New South Wales Heritage Register
- Official name: Unwin's Stores; (Unwins)
- Type: State heritage (built)
- Designated: 10 May 2002
- Reference no.: 1613
- Type: Other - Retail & Wholesale
- Category: Retail and Wholesale
- Builders: Frederick Wright Unwin (built for)

= Unwin's Stores =

Heritage building in Sydney, Australia

The Unwin's Stores are heritage-listed shops and formerly a residence located at 77–85 George Street in the inner city Sydney suburb of The Rocks in the City of Sydney local government area of New South Wales, Australia. It was built from 1843 to 1846 for Frederick Wright Unwin. It is also known as Unwins. The property is owned by Property NSW, an agency of the Government of New South Wales. It was added to the New South Wales State Heritage Register on 10 May 2002.

== History ==
Frederic Wright Unwin constructed this building between 1843-46. Each tenement of three stories contained dwelling, kitchen and shop. The land on which Unwin's stores now stands was originally part of Sydney's first hospital and gardens. The site of 77 George Street was originally granted to William Carr and George John Rogers by Sir George Gipps in 1838. Land occupied by 79–85 George Street had been granted to John Piper in June 1828 by the Governor of the Colony.

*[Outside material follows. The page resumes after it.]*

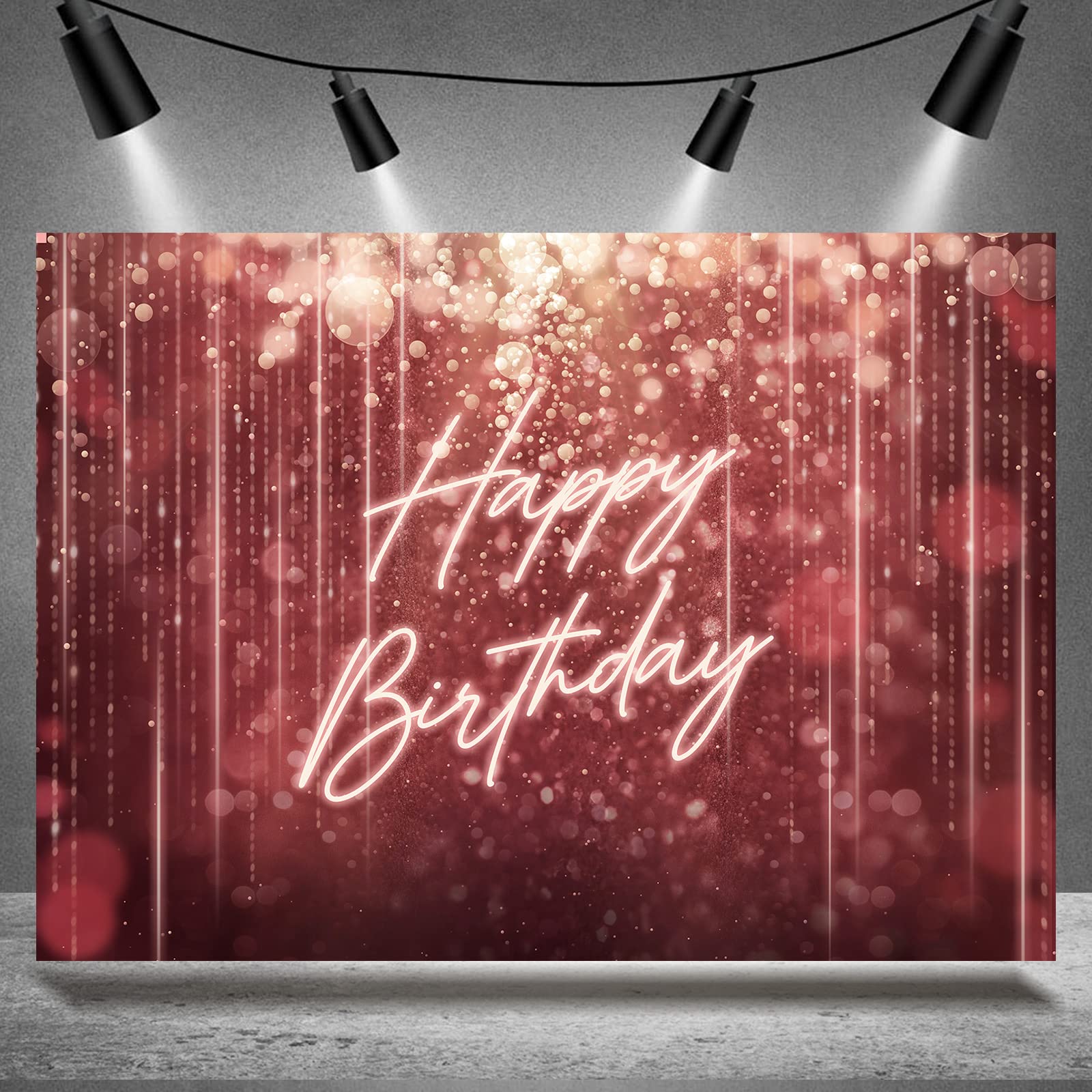 Rsuuinu Happy Birthday Backdrop for Women Bokeh Spots Rose Gold Burgundy Glitter Photo Background Women Girls 20th 30th 40th 50th 60th 70th Birthday
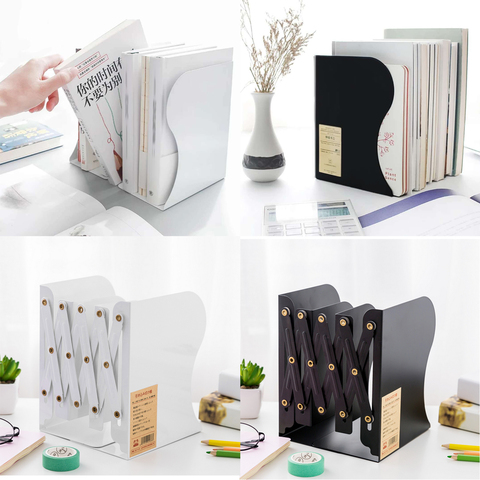 1 Pcs Metal Adjustable Bookshelf Bookends Iron Hollow Decorative Book Ends Shelf Holder Stand  For Books Organizer Stationery ► Photo 1/6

Pre-1869 occupants were Raphael (clothier and outfitter), Nom Hing & Co. (merchants), Sun Kung Wor (merchants); 1869 – "Brecknock Arms" hotel; 1881 – 'Steam Packet Hotel'; 1889 – "Pacific Hotel". 79 George Street: 1855 – the 'American Hotel'; 1860 – doctors surgery, surgeons Frederick McKeller, Egan Myles, George Hamilton and William Shaw; 1879–98 – Tin War & Co., importers, managed by Tin War and Chin Fook. 81 George Street: 1857 – hairdressers and boarding house; 1867–74 – the "Steam Tug and Manly Beach Steamers" office; 1880 – 'Plimsoll Hotel'; 1887 – "Phoenix Hotel". 83 George Street: 1855 – Brockstein & Cohen, watchmakers, jewellers, opticians; 1871–82 – tenants included Mark Burge and Neil Quinn, bootmakers, and the pawnbroker, Duffey; 1887–95 – Post & Telegraph Office (C. L. Tucker, postmaster); 1895–1910 – restaurant managed by Mrs M. A. Dutton. 85 George Street: 1855 – Theodore Matthews, nautical instrument maker; 1861–76 – George Costin, hairdresser and tobacconist; 1876–1900 – tenants included an oilskin maker, outfitter, bootmaker, importers, Sun Yee Lee & Co. and Gee Ick, and restaurateurs F. P. Warner and Mrs E. Archdeacon.

The earliest Chinese tenants to lease one of the buildings of the Unwin's Stores were Chinese merchants, Nom, Hing & Co (1861–63); Nom, Woh & Co (1864–66) and Sun Kung Wor (1867–68) who all leased 81 George Street (equivalent to present day 77 George Street).

The next Chinese occupant was Tin War & Co. who leased 79 George Street from 1877 to 1897. In the Sands Directory, they are recorded as "Tin War & Co., merchants" (1877–82) and as "Tin War and Chin Fook, store keepers" (1883–97). The manager of Tin War & Co., Jasper Ung Quoy, was questioned at the Royal Commission into Chinese Gambling and Immorality. (Gambling Commission: 103ff.) A self-proclaimed respectable businessman, Ung Quoy, had been living in Australia up to 21 years and was the secretary of the Chinese society, Pow on Tong. He claimed to be against gambling and 15 years prior to the Commission's inquiry, he was elected by other respectable businessmen to investigate Chinese gambling in Sydney. However, Quong Tart's clansmen halted his investigations. When questioned about his business, Ung Quoy informed the Commission that Tin War & Co. were importers and acted as agents for the shipping firm E. And A. Company. Tin War & Co. also sold opium without a licence, even though it was illegal for Chinese to sell or import opium. Ung Quoy claimed that all the custom collectors and police knew about it and that Tin War only sold the item in bulk. When questioned whether Tin War & Co. conducted any gambling within its cellar, Ung Quoy responded: ' What do you ask me that for? I am as good as a European' and denied any gambling activity when asked again.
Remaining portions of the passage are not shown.